For Panetta to avert reductions beyond $400 billion, he not only will have to hope that the super committee spares defense, but he also has to wish for the political winds to blow in the Pentagon’s direction. The American public in recent opinion polls is showing less willingness to support a large defense budget if that means losing health or retirement benefits. War weariness after a decade of conflict also will be a factor in how Congress proceeds with any further anti-deficit measures.
Historically, there has always been a natural tension between defense and non-defense spending, said Amy Belasco, a budget analyst at the Congressional Research Service. “If the numbers are too painful on the non-defense side, it will become more acceptable to cut defense.
As a chief architect of the defense budget drawdown in the 1990s when he was in charge of the Office of Management and Budget, Panetta oversaw major reductions in military procurement spending, including a 13.4 percent decline in fiscal year 1994.
His predecessor, former Defense Secretary Robert Gates had somewhat predicted the scenario that appears to be now unfolding: The Pentagon is likely to have to make cuts without a "strategic framework" and no time to set big-picture spending priorities or make well thought-out policy choices. Panetta may soon have to begin the dreaded salami slicing — across-the-board cuts that preserve overhead and bureaucracy, but potentially undermine military readiness.
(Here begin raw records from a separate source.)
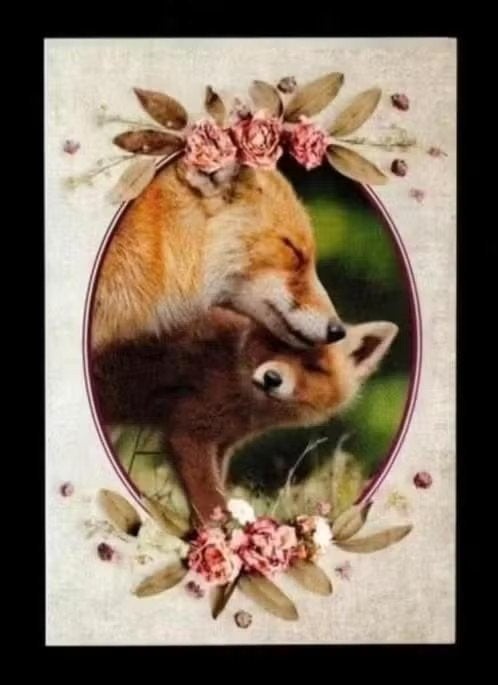Vos Vulpes Vulpes Vos met Vossenwelp., Ophalen of Verzenden, 1980 tot heden, Ongelopen, Wild dier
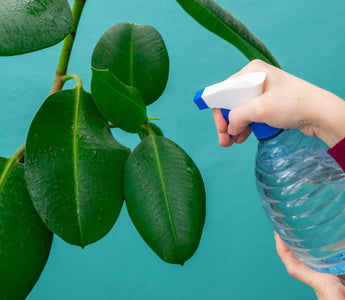 How to Quarantine Terrarium Plants for Reptile Enclosures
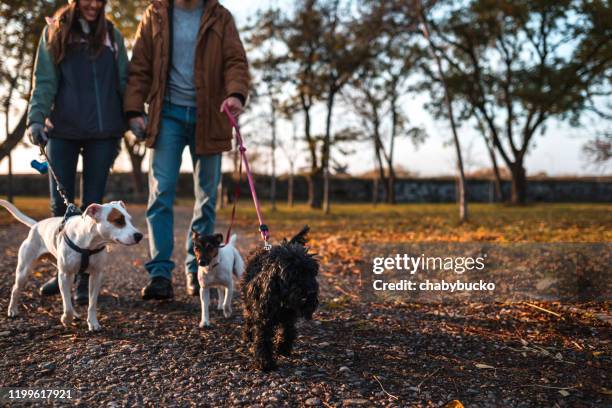 couple walking with three dogs - walking the dog stock pictures, royalty-free photos & images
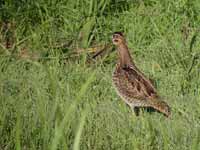 Bécassine des marais Gallinago gallinago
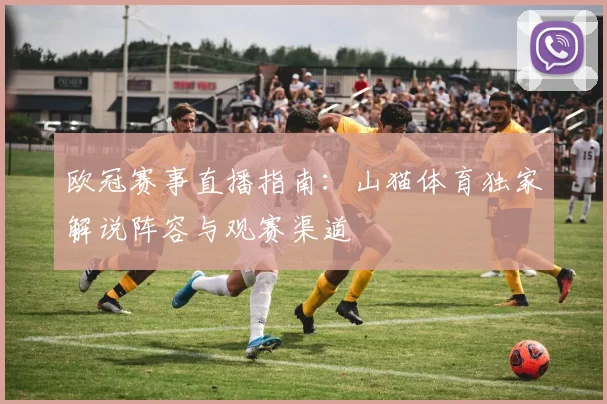 欧冠赛事直播指南：山猫体育独家解说阵容与观赛渠道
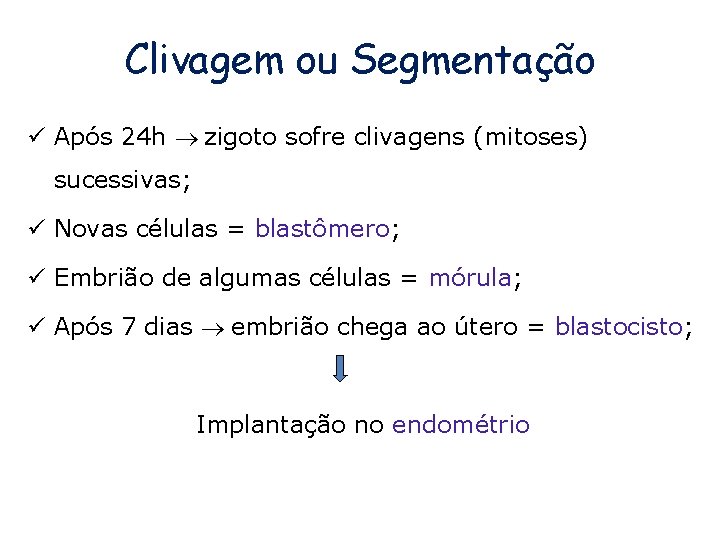 Clivagem ou Segmentação ü Após 24 h zigoto sofre clivagens (mitoses) sucessivas; ü Novas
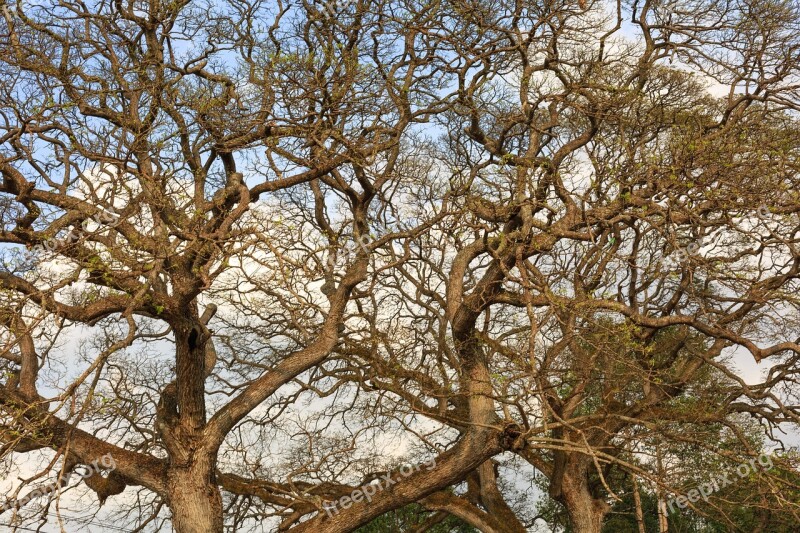 The Dry Tree Mùathu Sky Green Twigs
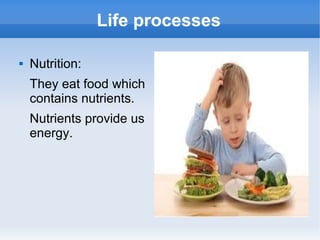 Life processes


Nutrition:
They eat food which
contains nutrients.
Nutrients provide us
energy.

 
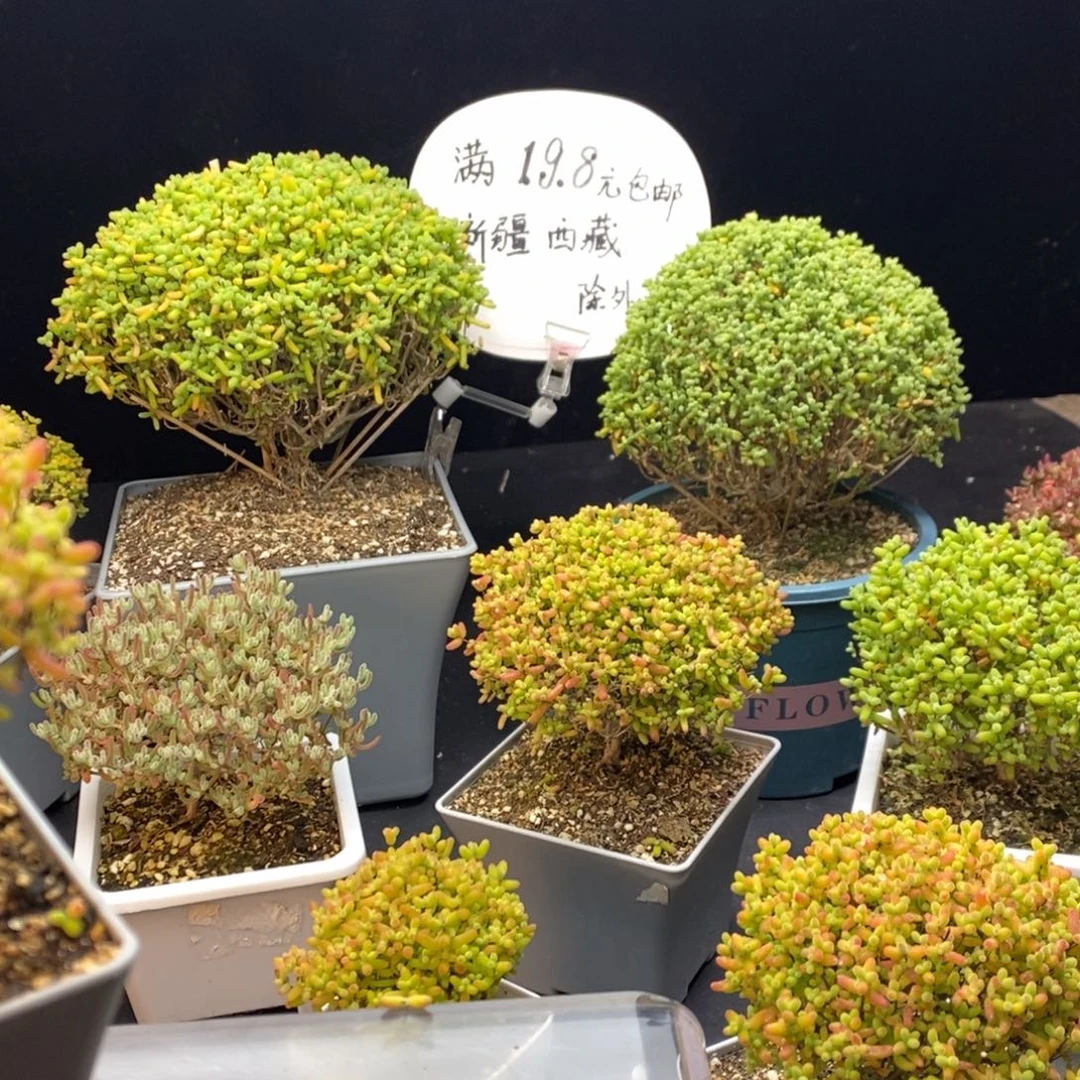 土2包可以装8-10个7方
Analysts have dismissed both Gates’ and Panetta’s dire warnings that budget reductions will “hollow out” the military as political posturing, and have noted that several studies have shown that defense spending could be cut by a trillion dollars over 10 years without compromising national security.
Panetta, known as a savvy political operator, may be choosing to keep a poker face until the debt hysteria settles down. Most likely, he is working quietly behind the scenes and is not going to show his cards, said retired Navy Capt. Wayne P. Hughes Jr., a resident of Monterey, Calif., Panetta’s hometown. Hughes has watched Panetta’s rise since the latter was a congressman, and speculates that the secretary is trying to buy time until he can do some “orderly thinking and planning” before big budget cuts are forced on him.